Las características de las que carecía el Ébola para haber causado una pandemia mortal, se pueden identificar en este virus: ha comenzado afectando a un área muy poblada, un auténtico nudo de comunicaciones en China, y se transmite, tanto por microgotas con la tos (si se está a menos de 2 metros) como por contacto con las superficies donde el virus es capaz de aguantar un tiempo variable. Se considera que cada infectado es capaz de contagiar en promedio a 2 personas, aunque puede llegar a ser de 10 o más. Se considera que el periodo de incubación en la mayoría de pacientes oscila entre 5 y 7 días. Aunque los casos parecen infectar cuando están sintomáticos, también podrían serlo durante la incubación, haciéndolo más difícil de controlar. Además, y esto es definitivo, algunos pacientes pueden tener cuadros leves y pasar prácticamente desapercibidos contagiando al entorno cercano de forma masiva.
Visto así, sólo cabía una esperanza: que fuese como una gripe. Mi cuñado Eduardo, alarmado desde el principio, me preguntaba qué me parecía. Yo le decía que era como una gripe grave y que la alarma procedía del temor a que mutase y se hiciese más letal. Y así lo fue considerando buena parte del mundo (a excepción de los vecinos coreanos y japoneses)… hasta que llegó a Italia. Concretamente a la zona más poblada, mejor comunicada y más desarrollada del país: Lombardía. Es lo que tiene la globalización y el mundo de los negocios, amplifica lo bueno…y lo malo.

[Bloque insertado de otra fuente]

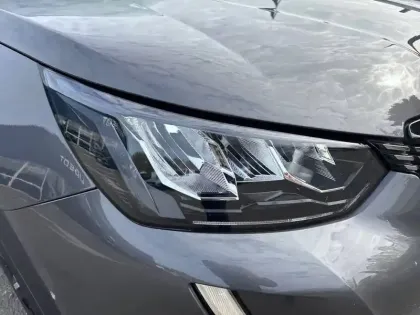 Photo 55 Peugeot 2008  PureTech 130 S&S EAT8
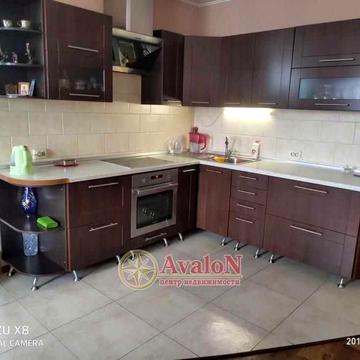 Срочно продам 3-х ком квартиру 130 кв.м на ул.Сахарова!Цена 85 000 у.е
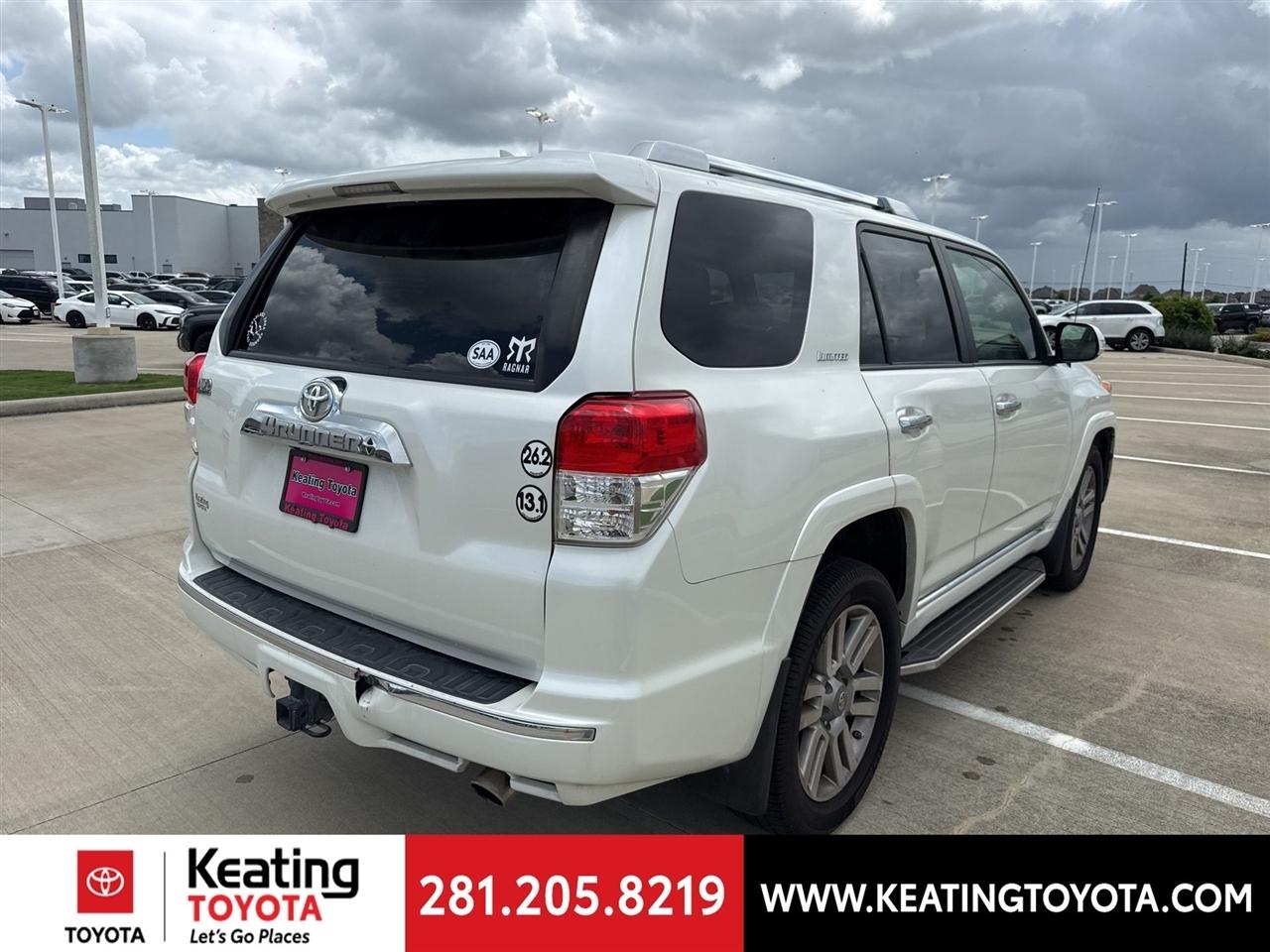 Toyota 4Runner SR5 2WD 2013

Los primeros casos italianos salieron a la luz a finales de enero cuando dos turistas chinos de Wuhan, mostraron síntomas en Italia. Ambas personas fueron aisladas y todas con las que tuvieron contacto dieron positivo. El mayor problema fue poder identificar al paciente inicial, al parecer de Codogno, una ciudad a 60 Km de Milán, que contagió a sus familiares y a múltiples profesionales hospitalarios que no trataron el caso epidemiológicamente como se debía al no considerarlo como sospechoso del nuevo coronavirus, ya que no había vínculos claros entre el paciente y China. Desde ahí, la diseminación ha sido imparable. El 22 de febrero, los dos primeros fallecidos. El 4 de marzo se ordenó el cierre de colegios y universidades. El 8 de marzo se anunció el cierre de Lombardía y de otras regiones adyacentes, que se aplicó al día siguiente. Hoy ya es el país con más fallecidos del mundo (han llegado a 5000), con casi 800 casos diarios. Nosotros ya somos el tercero en contagios y superamos a Italia en casos corregido por el tiempo de evolución, es decir, los podemos superar también en fallecidos. Italia nos enseñó el peligro con algo más de una semana de antelación y lo subestimamos. Había otras prioridades. Será el próximo capítulo.